Cypherpunks: Ride on the cyclic hedge

    07 October 2020. Written by Ashton Playsted

    Back in May, early Bitcoin pioneers Chun Wang, co-founder of f2pool, and Jeff Garzik, founder of Bloq and former Bitcoin core developer, sat down to reflect on the early days of Bitcoin mining, their own mining journeys, the future of the crypto landscape, and many other topics.

    Below, we cover a few of the most interesting stories and anecdotes from their conversation. Watch the video for the full hour-long talk.

    Origin stories

    The rising difficulty triggered by the first Bitcoin halving and the introduction of ASIC mining was a pivotal event affecting the early mining endeavors of both Jeff and Chun.

    Bitcoin Mining Difficulty Chart

    Before these events, Chun operated his own mining farm, containing about 100 GPUs. With the release of the first generation of ASICs, however, a single machine had more hashrate than his entire operation, leading him to retire his mining farm and start a mining pool.

    Jeff started CPU mining in July 2010. At that time, he was able to mine a block about once a week using only his home PC. In August, just a month later, a developer using the handle of ArtForz created the very first OpenCL kernel to use in GPU mining.* By September, Jeff had his own GPU mining operation in Minnesota, where he and his team rented some cheap office space with a flat rate for electricity usage. Thanks to the cold Minnesota weather, opening the window for ventilation worked as a no-cost cooling system. They were able to produce several blocks a week.

    * Like Satoshi, ArtForz’s identity has never been revealed. At one time, he may have controlled as much as 25% of the hashrate on the Bitcoin network.

    One CPU, one vote

    Anonymous Bitcoin creator Satoshi Nakamoto was not enthusiastic about the new mining optimizations coming out. He wanted to remove the miner from the Bitcoin client into a dedicated mining client. Building the dedicated mining client cpuminer was Jeff’s first contribution to Bitcoin as a developer.

    Satoshi hoped Bitcoin would work on an egalitarian “One CPU, one vote” basis. But Jeff saw GPU and ASIC mining coming. While he agreed that it was “a very nice philosophy,” he also thought it was unrealistic.

    The rise of pooled mining

    The introduction of ASICs was the catalyst that eventually led to the dominance of mining pools. While Jeff believes the rise of mining pools was inevitable, he had mixed feelings at the time.

    “It was sad from a decentralization perspective, but it was also inevitable from an economic perspective that people would go to pools.”

    Jeff Garzik, Founder of Bloq

    At the same time, Jeff points out that having multiple pools to choose from leads to its own kind of “decentralized landscape.” If a pool behaves badly, it’s very easy for miners to point their hashrate to a different one.

    One of the main factors that drove miners to pooled mining was income variance.
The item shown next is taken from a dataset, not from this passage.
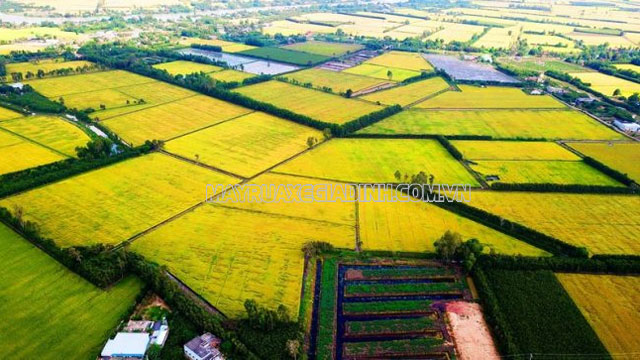 Đất phù sa đồng bằng - thổ nhưỡng Việt Nam thích hợp để trồng cây lương thực.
Solo miners could have good and bad streaks, sometimes finding many blocks, sometimes finding none. Pools, on the other hand, could offer a steady stream of income. Jeff’s own Minnesota mining farm started pool mining when they were unable to mine a block within a week.

    Many saw early developments like P2Pool—a shared, decentralized pool where miners could contribute hashrate to a subnetwork of miners and get paid a certain amount from each block—as a better alternative to centralized mining pools. But there was a problem: Centralized mining pools were “just easier.” P2Pool was too complex. Unsurprisingly, most miners chose the easier solution.
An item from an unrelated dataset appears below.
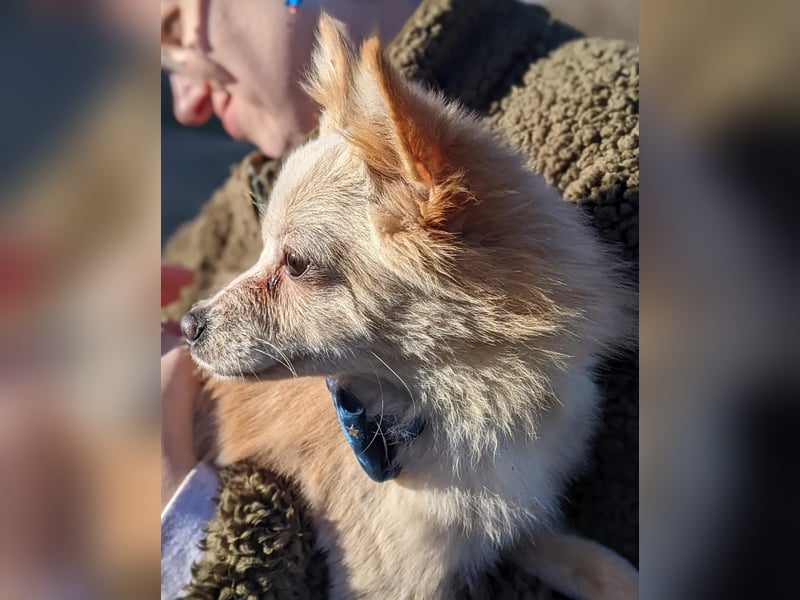 Hillary, eine süße Hündin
    Virtual nations and the future of blockchain

    The book Shadowrun was one of the inspirations for Jeff’s involvement in Bitcoin.

    Shadowrun Cover

    “I love science fiction. That’s how I found Bitcoin in general. I wanted to create these virtual nations, these decentralized societies.”

    Jeff Garzik, Founder of Bloq

    Jeff sees Bitcoin as the first decentralized, truly free (as in free speech) currency. He hopes to see virtual nations—“free people using free currencies”—in the next decade.
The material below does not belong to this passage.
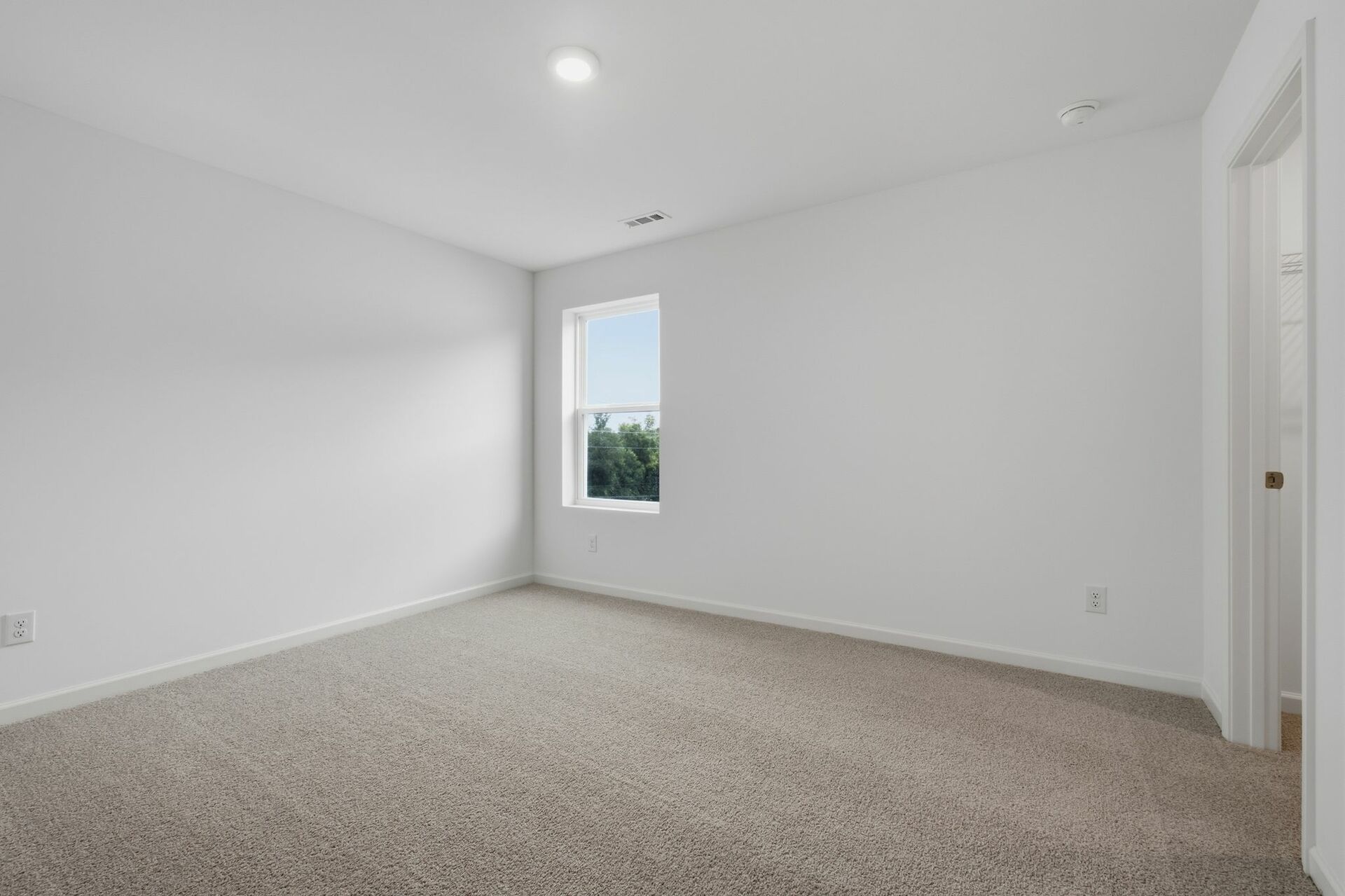 bedroom with carpet and large windows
    But Jeff is quick to point out that this vision can only be realized with the development of successful decentralized governance models.

    “That’s what I love about the cryptocurrency world. It’s a free market of governance experiments. [Those who] survive the free market of governance experiments will be the ones who will create these virtual nations with no geographic borders.”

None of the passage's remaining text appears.